Arthur (or, perhaps, his grandfather, also Arthur Upton, of Dartmouth, Devon) was an adventurer for Irish land. In any case, the younger Arthur acquired an interest in the forfeited lands of the future 3rd earl of Antrim, Alexander Mac Donnell (qv), which he struggled unsuccessfully to retain under the restoration land settlement.
He held a number of offices in Co. Antrim: in 1657 and 1671 he was sheriff, and in 1659 or 1660 he was named as the lieutenant of the militia troop of Sir John Skeffington (qv). However, he was removed from the commission of the peace in the county in the aftermath of the Thomas Blood (qv) plot in 1663. He sat in the Irish house of commons for Carrickfergus, 1661–6. His discontent over the restoration of lands to MacDonnell was the reason that he was the sole member of the commons to vote against the Bill of Explanation (1665). He sat in the commons again in 1692, for Antrim borough, and in 1695–9, for Co. Antrim. He died in 1706.
He had married Dorothy, daughter of Michael Beresford of Co. Londonderry, and had six sons and ten daughters. Three of the sons were members of the commons, including the eldest surviving son and heir, Clotworthy Upton (1665–1725), soldier and politician, who entered the Middle Temple in London in 1685. He and his father were among the east Ulster protestants who associated for defence in 1688–9 under the leadership of the earl of Mount-Alexander (qv).
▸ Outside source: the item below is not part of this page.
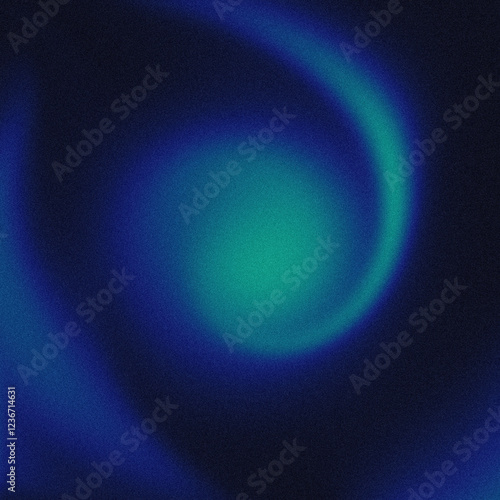 Dégradé abstrait lumineux aux nuances de bleu et de vert émeraude, avec des courbes fluides et un effet de halo nébuleux photo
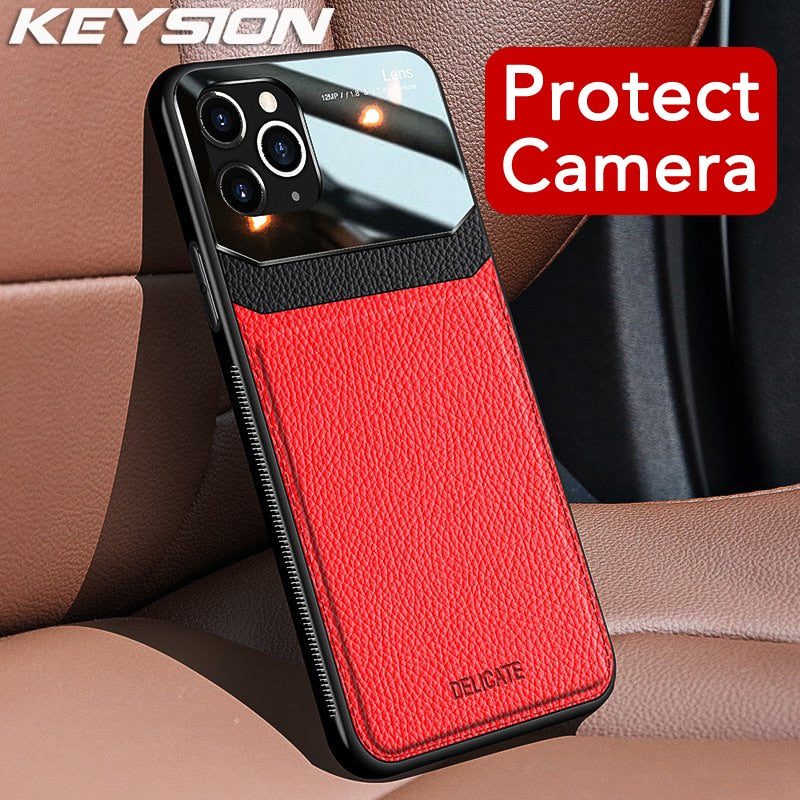 PU Leather Mirror Glass Phone Back Cover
Clotworthy later displayed conspicuous bravery at the siege of Limerick, where he was taken prisoner.
Father and son were prominent presbyterians. Arthur was patron of Jeremiah O'Quinn (qv), the minister born at Templepatrick of Gaelic Irish parents. Clotworthy was an elder of Templepatrick church and active in the synod of Ulster against the non-subscribers. He was MP for Newtownards, 1695–9, and Co. Antrim, 1703–14 and from 1715 to his death. A determined attempt by the Antrim Church of Ireland interest to defeat him in the general election of 1715 did not succeed, and in 1719 he led a presbyterian delegation to London seeking support for repeal of the sacramental test for holders of public office.
Clotworthy Upton died 6 June 1725, leaving a daughter from his third marriage, to Jane, daughter of John Ormsby. His brother John succeeded to his estates and, in the ensuing by-election, to his seat in the commons.